ERIC Number: EJ1372298
Record Type: Journal
Publication Date: 2023-May
Pages: 15
Abstractor: As Provided
ISBN: N/A
ISSN: ISSN-1363-755X
EISSN: EISSN-1467-7687
Confirmatory Reinforcement Learning Changes with Age during Adolescence
Chierchia, Gabriele; Soukupová, Magdaléna; Kilford, Emma J.; Griffin, Cait; Leung, Jovita; Palminteri, Stefano; Blakemore, Sarah-Jayne
Developmental Science, v26 n3 e13330 May 2023
Understanding how learning changes during human development has been one of the long-standing objectives of developmental science. Recently, advances in computational biology have demonstrated that humans display a bias when learning to navigate novel environments through rewards and punishments: they learn more from outcomes that confirm their expectations than from outcomes that disconfirm them. Here, we ask whether confirmatory learning is stable across development, or whether it might be attenuated in developmental stages in which exploration is beneficial, such as in adolescence. In a reinforcement learning (RL) task, 77 participants aged 11-32 years (four men, mean age = 16.26) attempted to maximize monetary rewards by repeatedly sampling different pairs of novel options, which varied in their reward/punishment probabilities. Mixed-effect models showed an age-related increase in accuracy as long as learning contingencies remained stable across trials, but less so when they reversed halfway through the trials.

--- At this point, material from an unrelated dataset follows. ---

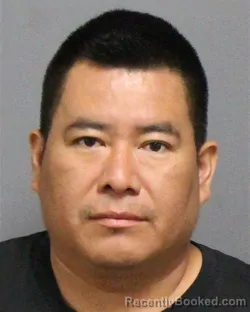 Mugshot of JOSE GREGORIO MENJIVAR REYES booked in Guilford County, North Carolina on June 20, 2026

Age was also associated with a greater tendency to stay with an option that had just delivered a reward, more than to "switch" away from an option that had just delivered a punishment. At the computational level, a confirmation model provided increasingly better fit with age. This model showed that age differences are captured by decreases in noise or exploration, rather than in the magnitude of the confirmation bias. These findings provide new insights into how learning changes during development and could help better tailor learning environments to people of different ages.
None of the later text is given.